[Opening INPUT FOR THIS TASK section]
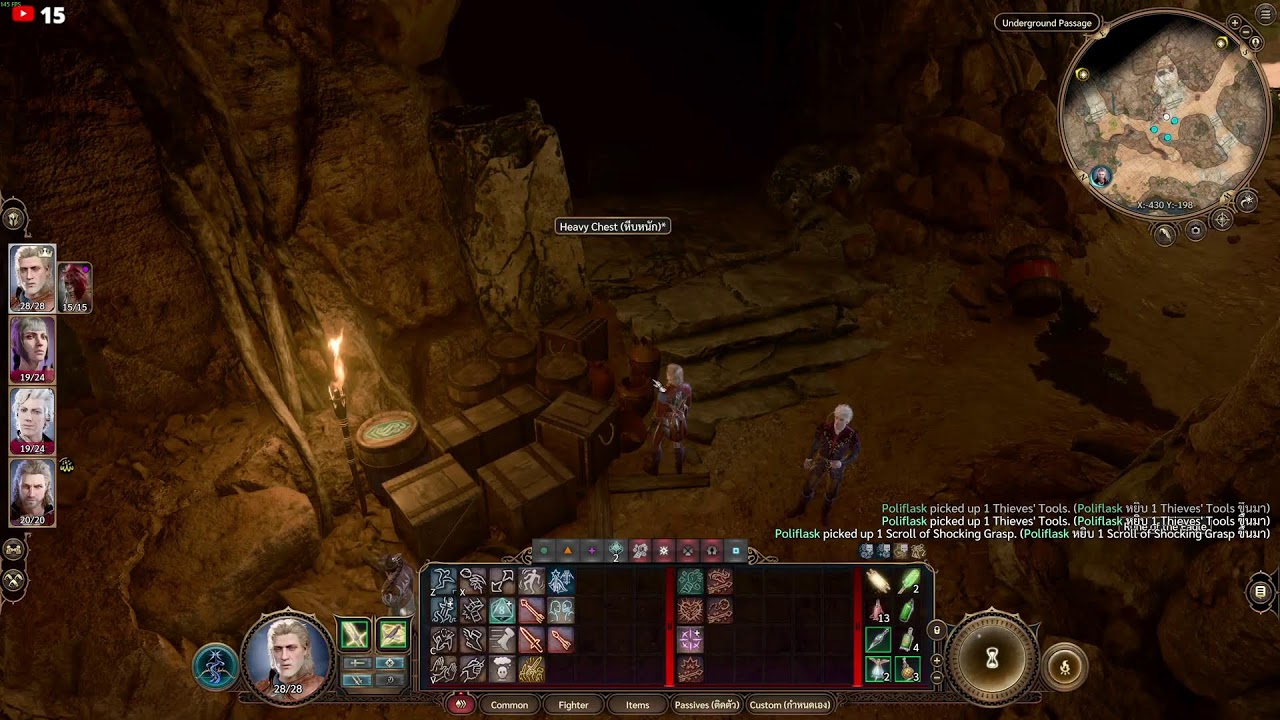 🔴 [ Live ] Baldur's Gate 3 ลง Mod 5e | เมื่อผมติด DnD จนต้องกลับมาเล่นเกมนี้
[Closing INPUT FOR THIS TASK section]
[Opening INPUT FOR THIS TASK section]
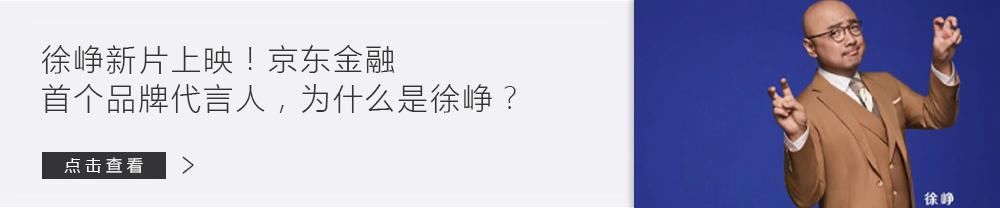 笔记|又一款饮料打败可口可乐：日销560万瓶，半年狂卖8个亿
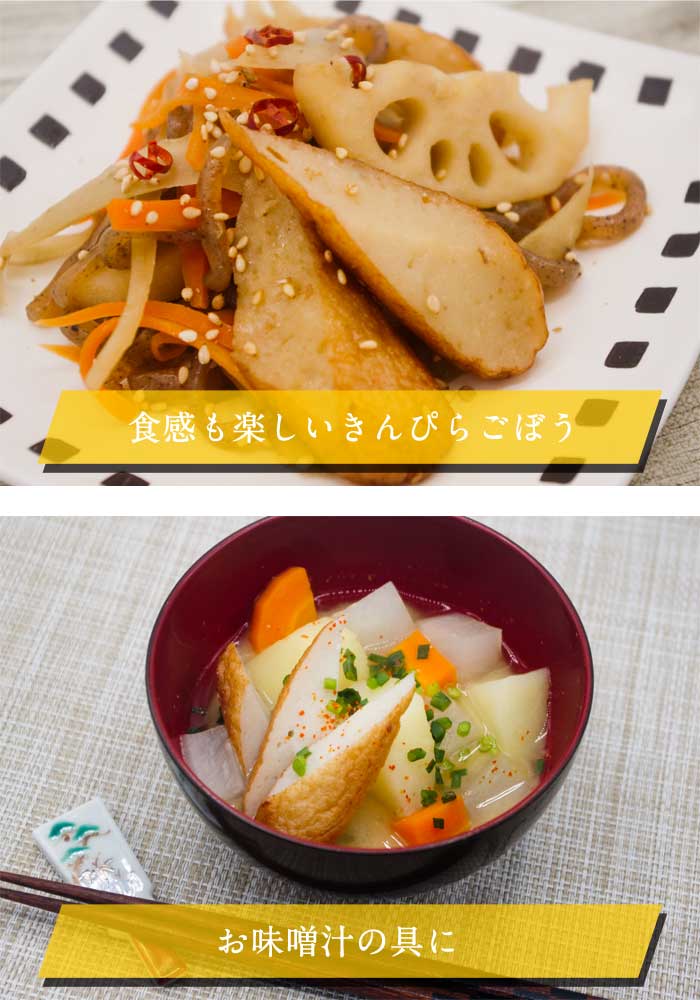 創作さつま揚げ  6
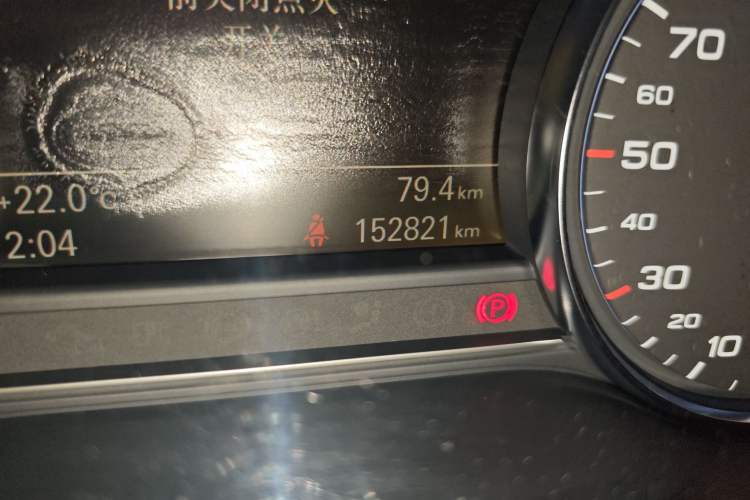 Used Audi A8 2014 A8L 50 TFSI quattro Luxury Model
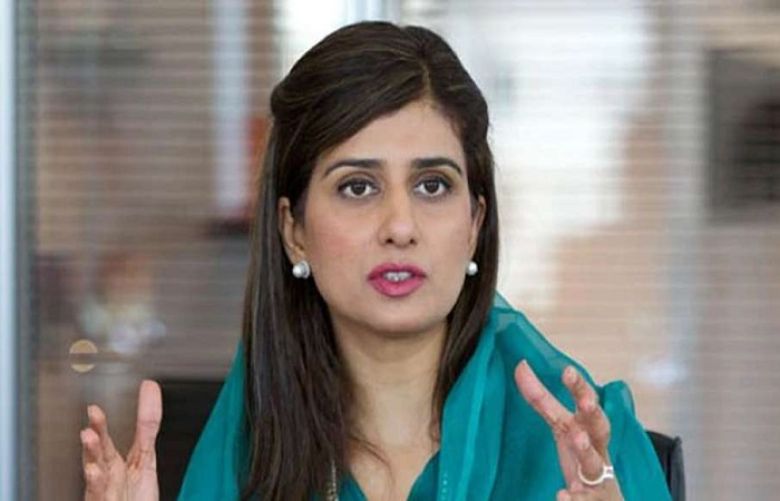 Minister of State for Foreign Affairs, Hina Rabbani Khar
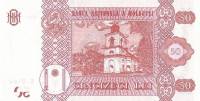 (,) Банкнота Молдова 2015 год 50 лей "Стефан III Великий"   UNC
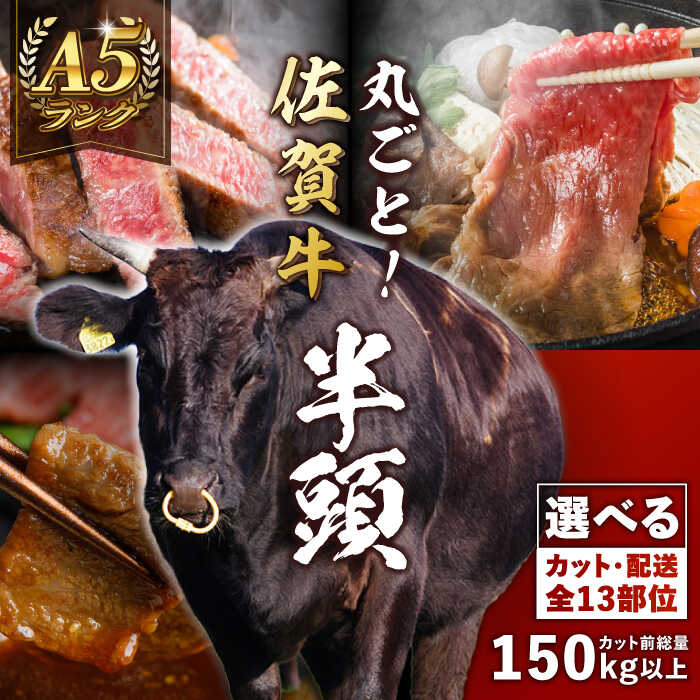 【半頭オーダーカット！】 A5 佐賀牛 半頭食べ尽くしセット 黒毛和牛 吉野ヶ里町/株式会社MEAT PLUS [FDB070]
[Closing INPUT FOR THIS TASK section]
• _WORK REQUIRED_:
Using the data above, print only the lines starting at the one with "笔记|又一款饮料打败可口可乐：日销560万瓶，半年狂卖8个亿" and ending at the one with "吉野ヶ里町/株式会社MEAT PLUS [FDB070]", exactly as they stand, minus the pictures.

• _PROBLEM SOLUTION_:
 笔记|又一款饮料打败可口可乐：日销560万瓶，半年狂卖8个亿
 創作さつま揚げ  6
 Used Audi A8 2014 A8L 50 TFSI quattro Luxury Model
 Minister of State for Foreign Affairs, Hina Rabbani Khar
 (,) Банкнота Молдова 2015 год 50 лей "Стефан III Великий"   UNC
 【半頭オーダーカット！】 A5 佐賀牛 半頭食べ尽くしセット 黒毛和牛 吉野ヶ里町/株式会社MEAT PLUS [FDB070]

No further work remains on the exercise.